Amtrak is taking over the Hoosier State train starting March 1.

On Monday, the Indiana Department of Transportation announced its contract with Iowa Pacific Holdings, which has operated the Hoosier State train since July 2015, would only remain in effect until the end of February.

INDOT said Iowa Pacific wanted more money than was agreed upon in its contract.

“They were looking for a minimum monthly subsidy that was outside the budget we had,” INDOT spokesman Will Wingfield said. “Even under the existing contracts, their needs were beyond what we had budgeted.”

To date, INDOT has paid $500,000 to Iowa Pacific to provide on-board service, marketing and equipment for the Hoosier State and $3.9 million to Amtrak to run the actual train. It agreed to pay Iowa Pacific an additional $300,000 to operate the train through the end of February.

“It should be said we signed contracts in good faith with Iowa Pacific that was through the end of June, and then they came to us and said they we’re unable to continue under those contracts,” Wingfield said.

INDOT didn’t indicate what would happen to the Hoosier State if it’s unable to find a long-term replacement for Amtrak.

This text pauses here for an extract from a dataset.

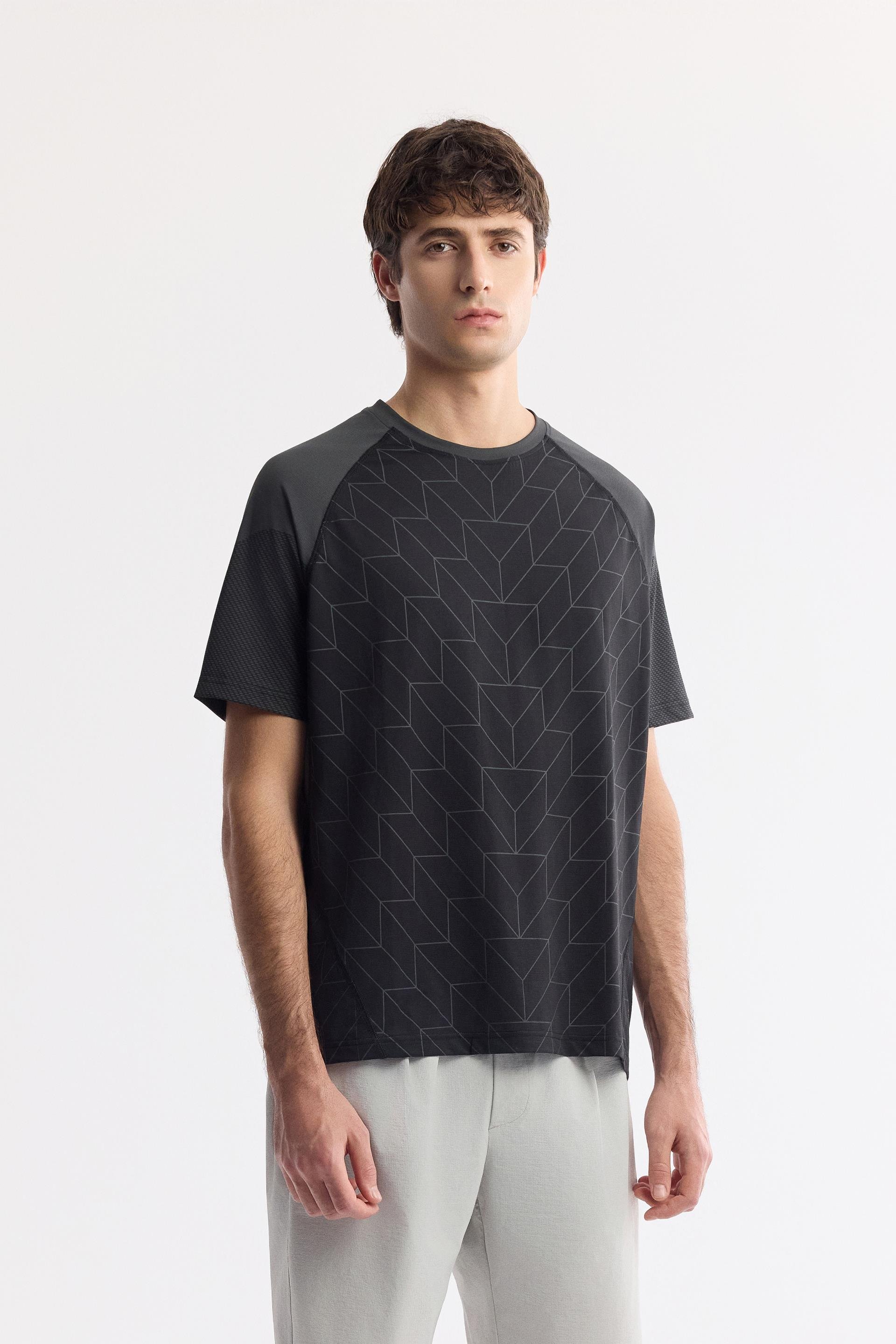 Siyah Bisiklet Yaka Geometrik Desenli Bloklu Teknik Kumaş Detaylı T-shirt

In a reply to a customer’s question on Facebook, Iowa Pacific wrote that it was “unable to continue providing passenger train equipment and on-board services under the terms of its existing contract for the Hoosier State.”

In a separate Facebook post, Iowa Pacific President Ed Ellis said INDOT was transitioning to “a different service model.”

INDOT’s two-year contract with Iowa Pacific was supposed to run until June 30. The contract included the option of a four-year extension.

Iowa Pacific introduced a host of amenities to the Hoosier State — including an on-board chef, wifi and dome-car seating — that led to increased ridership on the line.

While Ellis said Iowa Pacific demonstrated “that service enhancements can drive improvements in customer satisfaction, revenue and ridership,” the train’s on-time performance was lacking. On numerous occasions, the train made it to its destination hours late, and sometimes not at all.

INDOT said it’s working on a plan to ensure amenities including wifi and business-class seating are retained on the Hoosier State.

Amtrak spokesman Marc Magliari said a major change is that Amtrak’s equipment will run on the Hoosier State line, not Iowa Pacific’s.

“We want it to be seamless, and we don’t want any disruptions in operations,” he said.

The Hoosier State runs four days per week between Indianapolis and Chicago, with stops in Crawfordsville, Lafayette, Rensselaer and Dyer. The other three days per week, Amtrak’s long-distance Cardinal train makes those stops.

The Hoosier State is funded by INDOT, Lafayette, West Lafayette, Tippecanoe County, Crawfordsville and Rensselaer.

Maybe Indiana had better start thinking of hopping on board the planned Louisville to Chicago HYPERLOOP? It will run right thru Indianapolis  to Gary  where passengers will change to the South Shore Railroad.